_ABOUT THIS EXERCISE_
Below are records with pictures. Reproduce exactly the lines from the line with "Relaxed Fit Cotton Blend Casual Shirt" to the line with "吉田川の自然風景 岐阜県郡上市 吉田川の自然風景", inclusive, and leave each picture out.
---------------
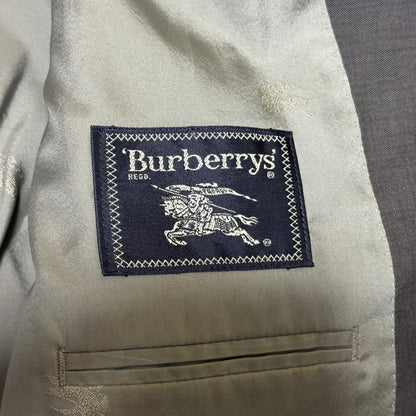 Burberrys 90s Blue-Gray Wool Tailored Jacket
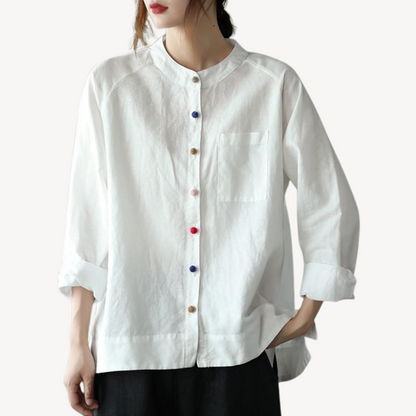Relaxed Fit Cotton Blend Casual Shirt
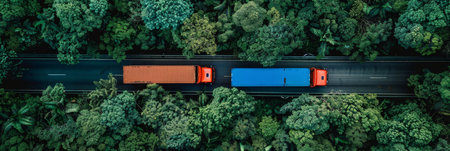 Aerial view  car and truck on highway road, drone perspective with space for textの素材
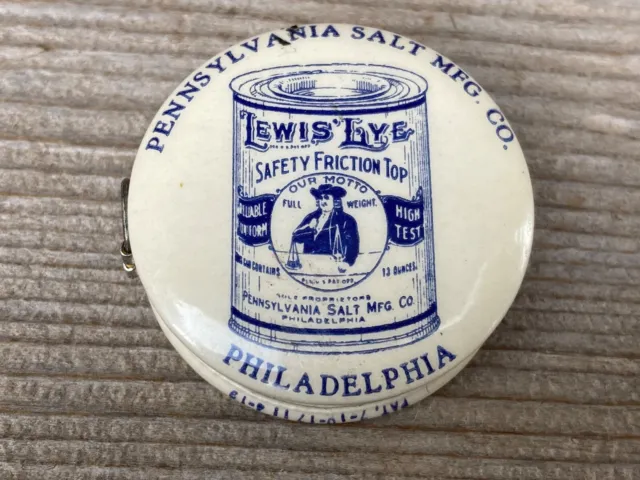 Vtg Celluloid Advertising Tape Measure Lewis Lye Pennsylvania Salt Mfg.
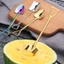MOON 2 Chiếc Thép Không Gỉ Retro Xẻng Hình Thìa Cà Phê Kem Dưa Hấu Bánh Đường Món Tráng Miệng Khuấy Muỗng Cà Phê Tab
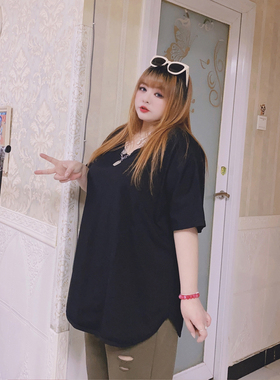 300斤基础款夏纯色打底衫短袖T恤大领口显瘦hello胖妞特大码女装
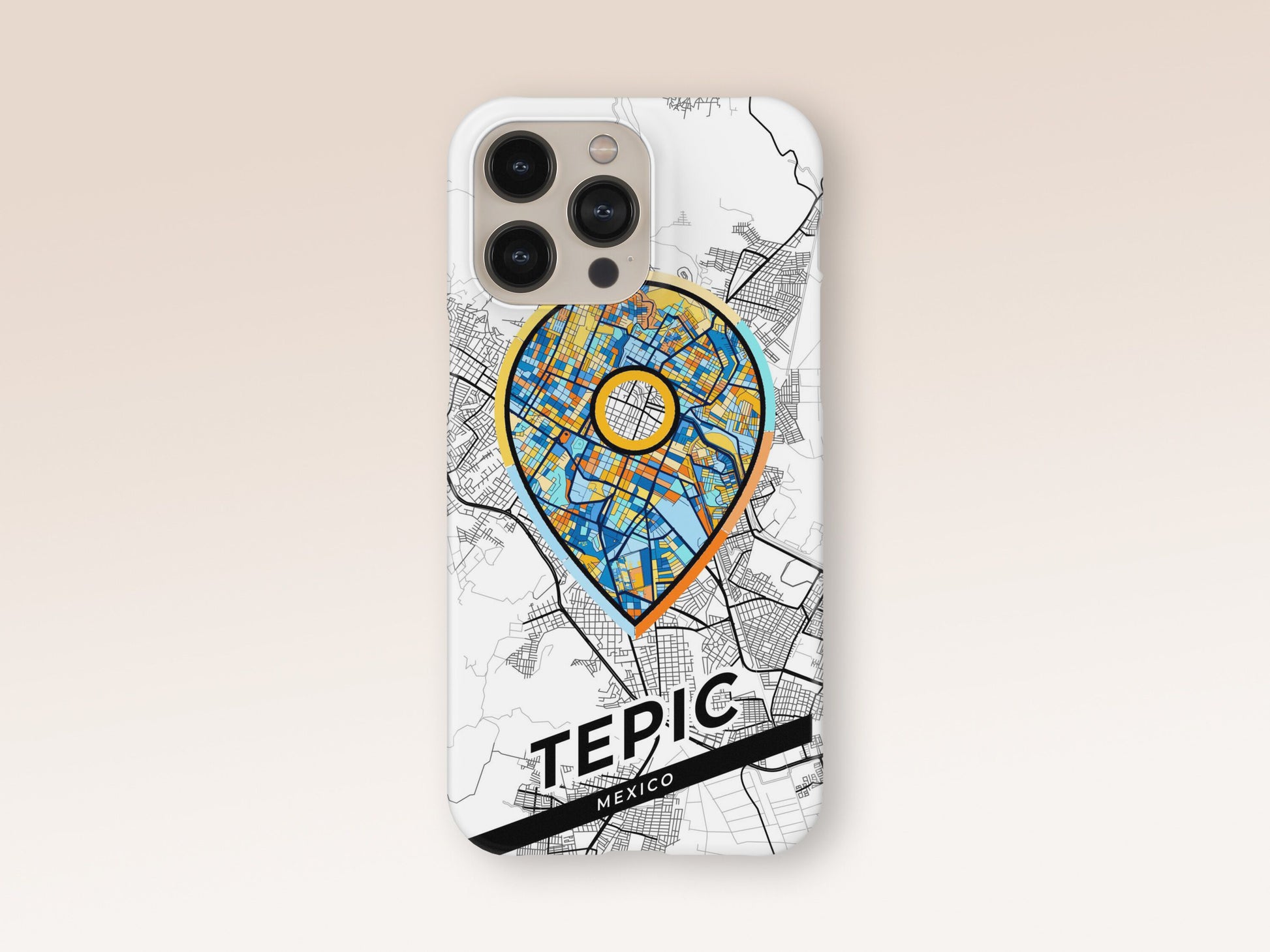 Tepic Mexico slim phone case with colorful icon 1
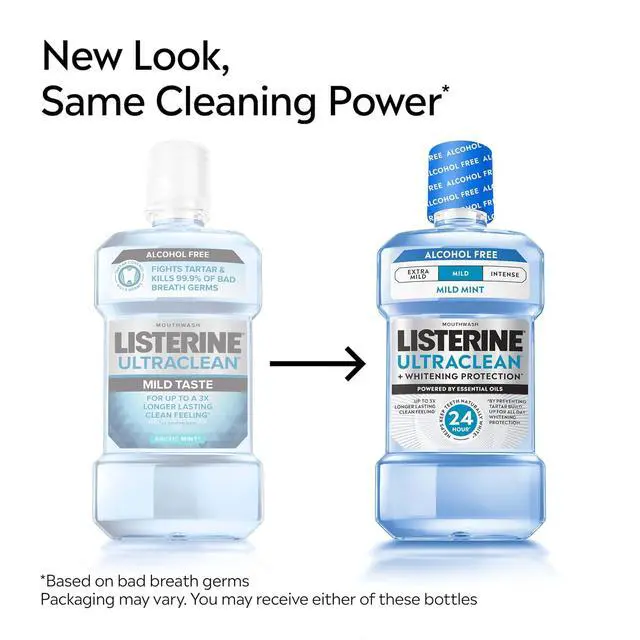 Alt view image 6 of 6 - Listerine Ultraclean Alcohol-Free Mouthwash Mild Mint 33.8 fl oz / 1L
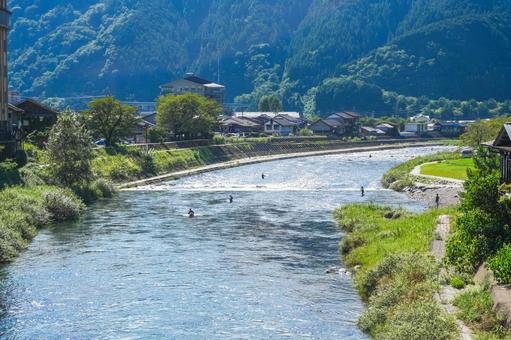 吉田川の自然風景 岐阜県郡上市 吉田川の自然風景 岐阜県郡上市 岐阜,岐阜県,郡上の写真素材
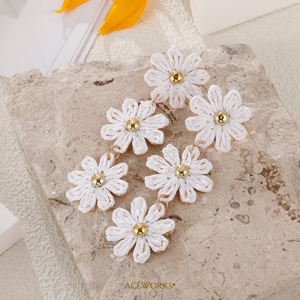 Raffia Daisy Drop Earrings | Stainless Steel 18K PVD Gold Plated Boho <b>Braided</b> Tiered Flower Design Zircon | Waterproof Tarnish - Product Image 3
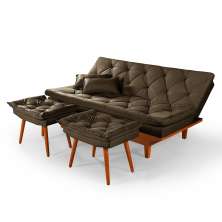 Sofa Cama Caribe 3 Lugares Reclinavel Com 2 Banquetas Base Em Madeira Revestido Suede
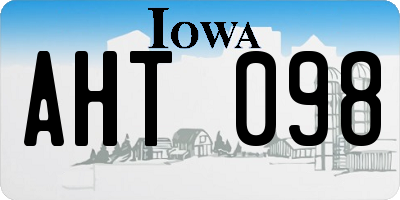 IA license plate AHT098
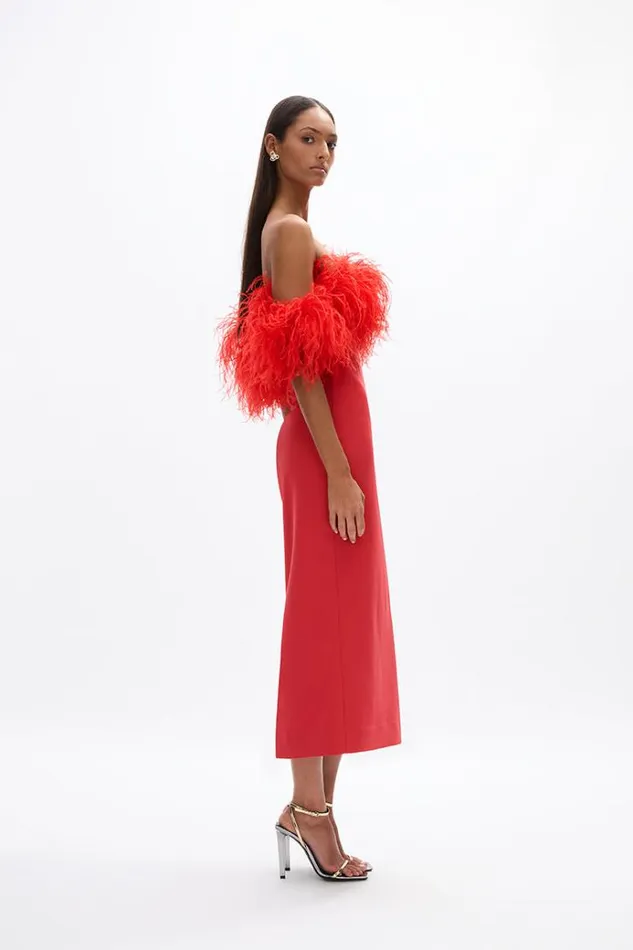 Women Midi Dresses Rachel Gilbert Link Dress Bright Red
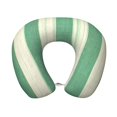 thumbnail image 1 of U-Shaped Pillow 11.8×9.8in With Pillow Core Comfortable Soft Invisible Zipper For Daily Travel Driving Office Lightgreen Stripe_18292_2, 1 of 8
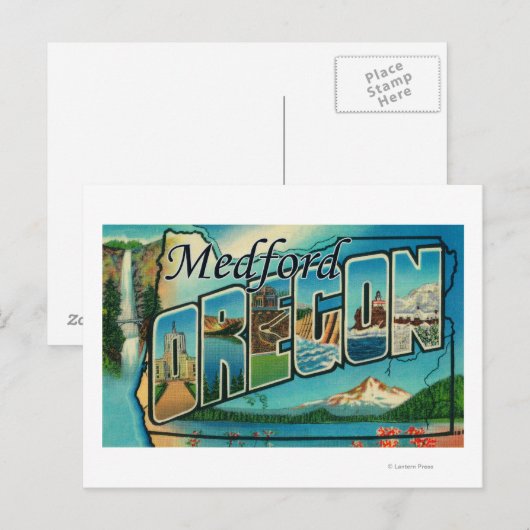 Medford, Oregon - Grote letterscènes Briefkaart (Voorkant / Achterkant)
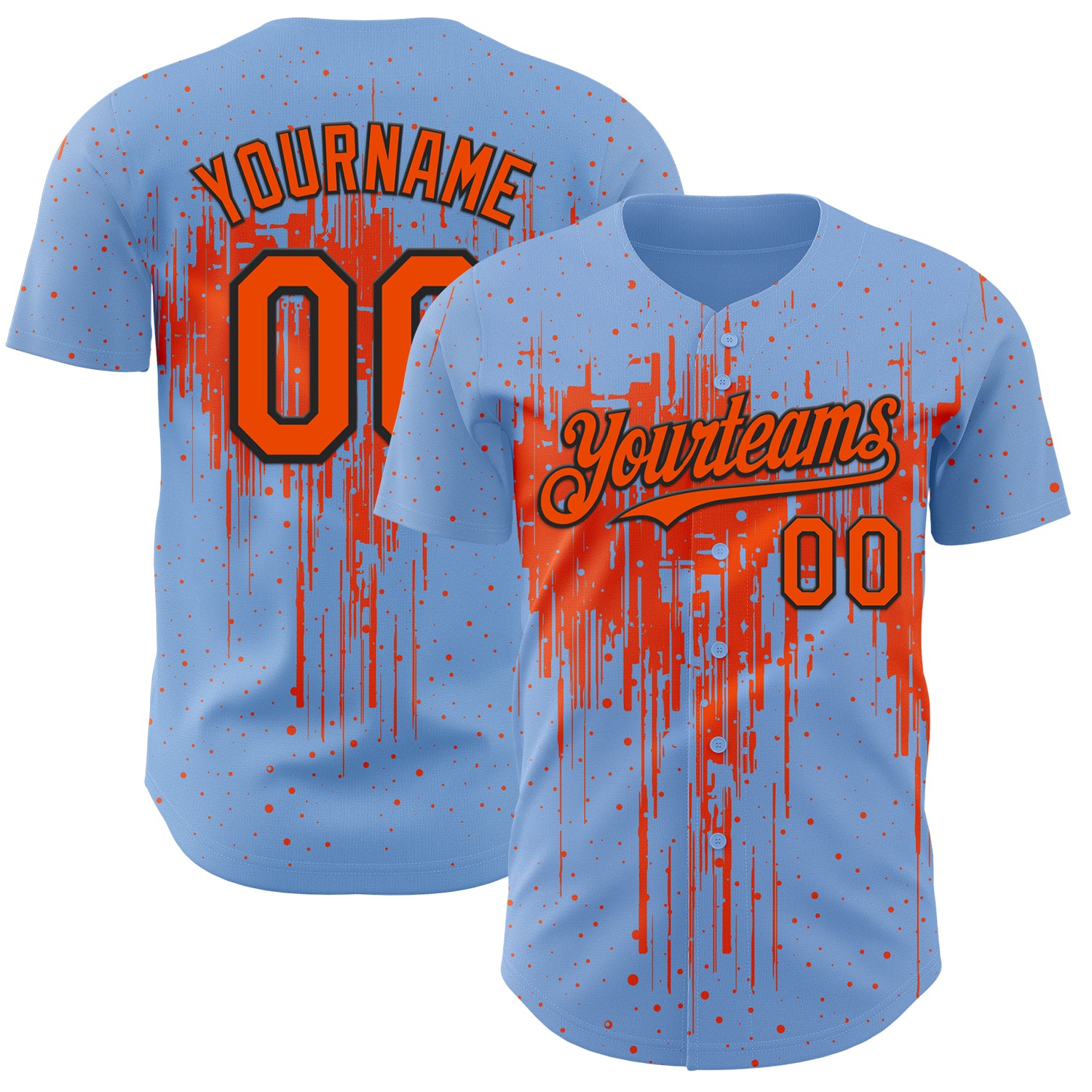 Custom Light Blue Orange-Black 3D Pattern Design Dripping Splatter Paint Authentic Baseball Jersey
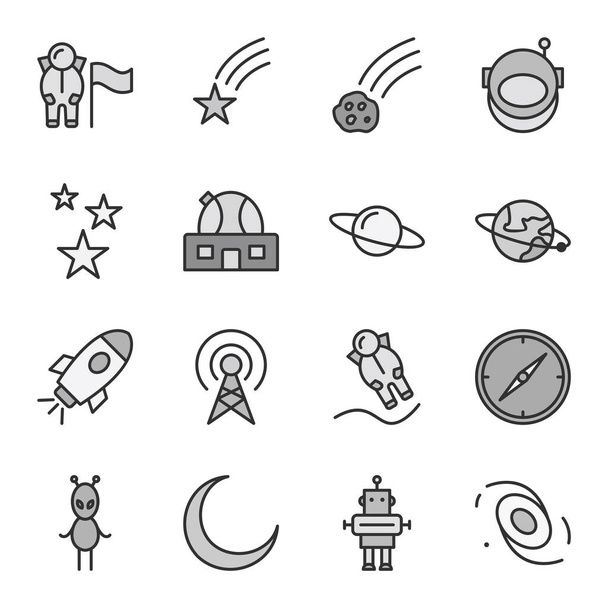 16 Conjunto de ícones de astronomia isolados sobre fundo branco
... - Vetor, Imagem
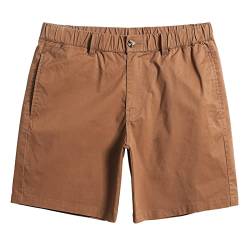 MaaMgic Herren Chino Shorts Bermuda Kurze Hose 7" | Essentials Herrenshorts aus 98% Baumwolle | lässig Arbeitshose Elastischer Bund mit Multi-Taschen | Regular Fit für Männer, Sommer,Nussbraun,32 von MaaMgic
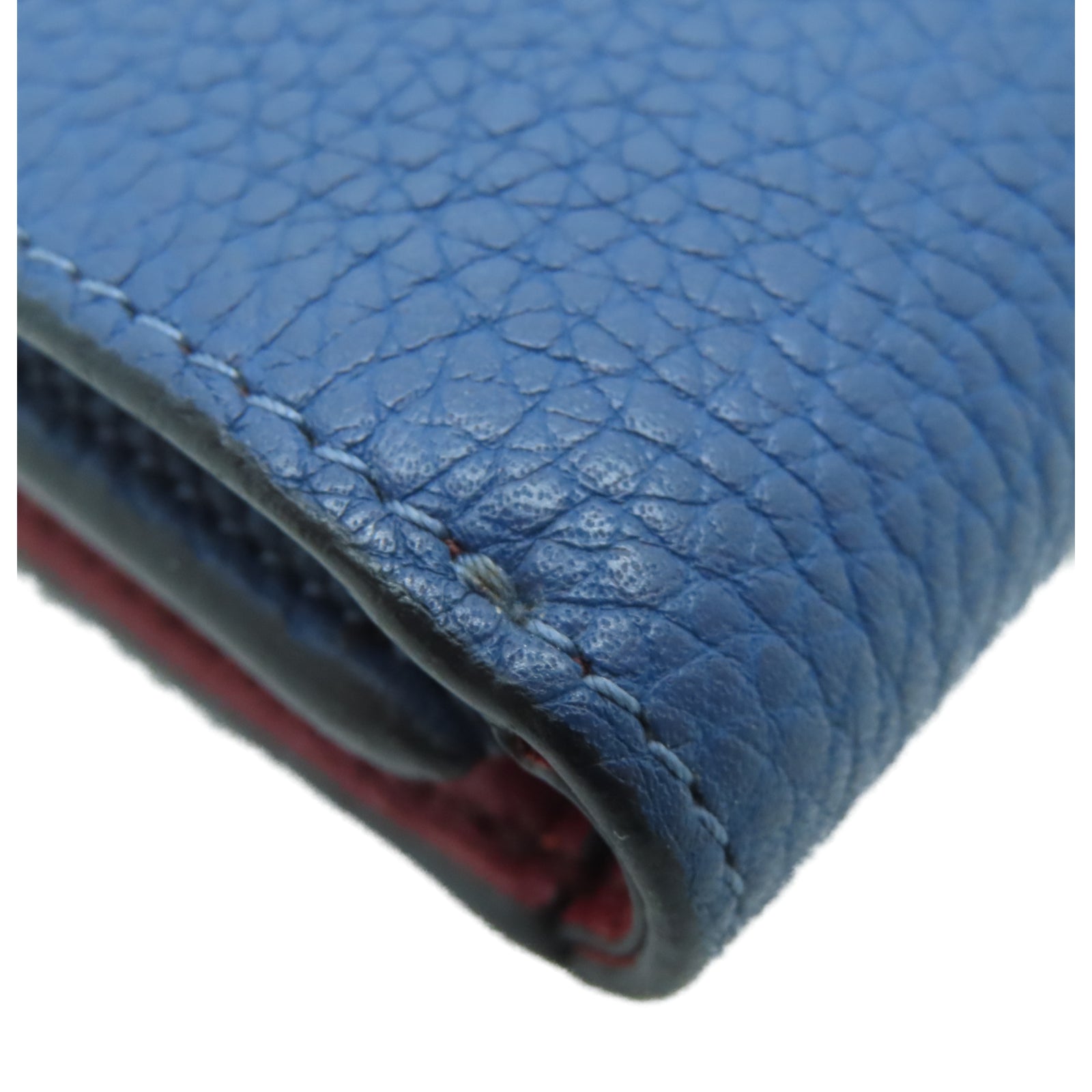 LOEWE 牛皮皮革Wallet银扣钱包蓝色/棕色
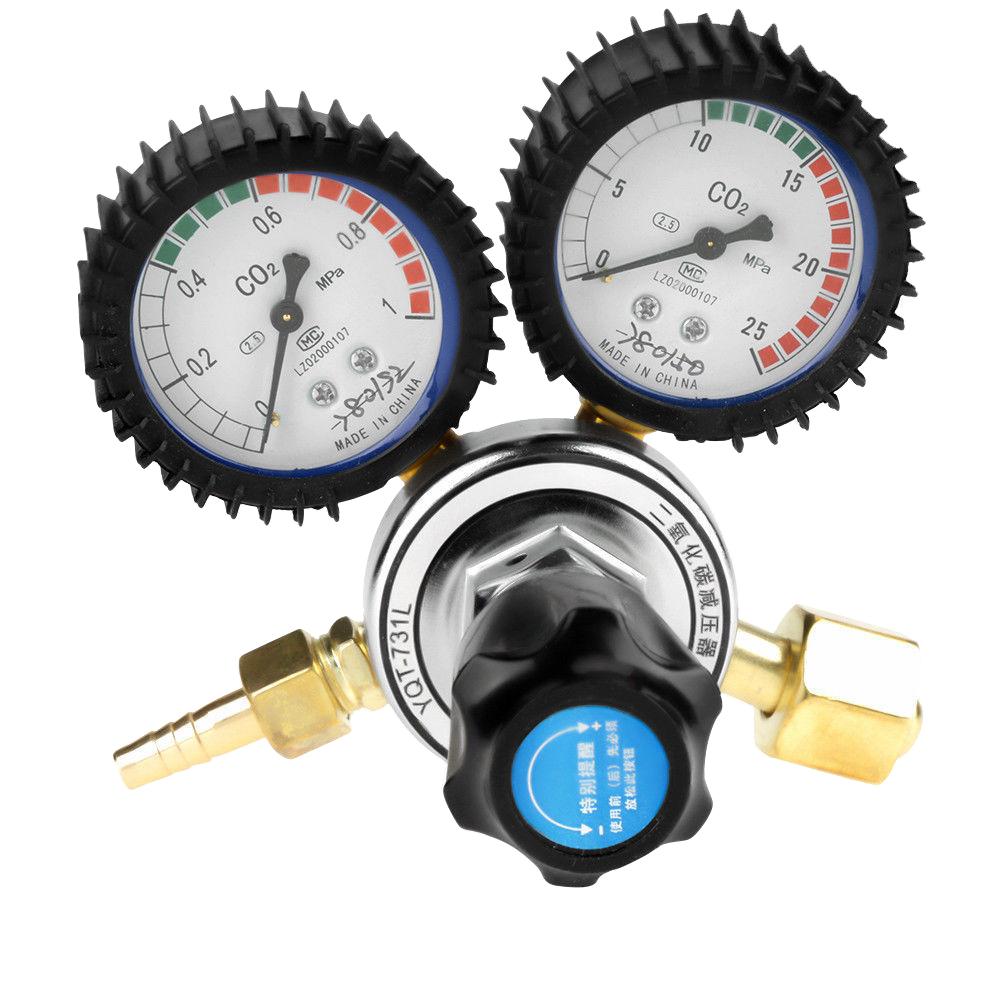 CO2 Gas Bottle Regulator Carbon Dioxide Welding Pressure Reducer Valve Gas Gauge For Beverage Beer W21.8 Double Gauge Regulator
---------------
_TASK SOLUTION_
Relaxed Fit Cotton Blend Casual Shirt
 Aerial view  car and truck on highway road, drone perspective with space for textの素材
 Vtg Celluloid Advertising Tape Measure Lewis Lye Pennsylvania Salt Mfg.
MOON 2 Chiếc Thép Không Gỉ Retro Xẻng Hình Thìa Cà Phê Kem Dưa Hấu Bánh Đường Món Tráng Miệng Khuấy Muỗng Cà Phê Tab
 300斤基础款夏纯色打底衫短袖T恤大领口显瘦hello胖妞特大码女装
 Tepic Mexico slim phone case with colorful icon 1
 Alt view image 6 of 6 - Listerine Ultraclean Alcohol-Free Mouthwash Mild Mint 33.8 fl oz / 1L
 吉田川の自然風景 岐阜県郡上市 吉田川の自然風景 岐阜県郡上市 岐阜,岐阜県,郡上の写真素材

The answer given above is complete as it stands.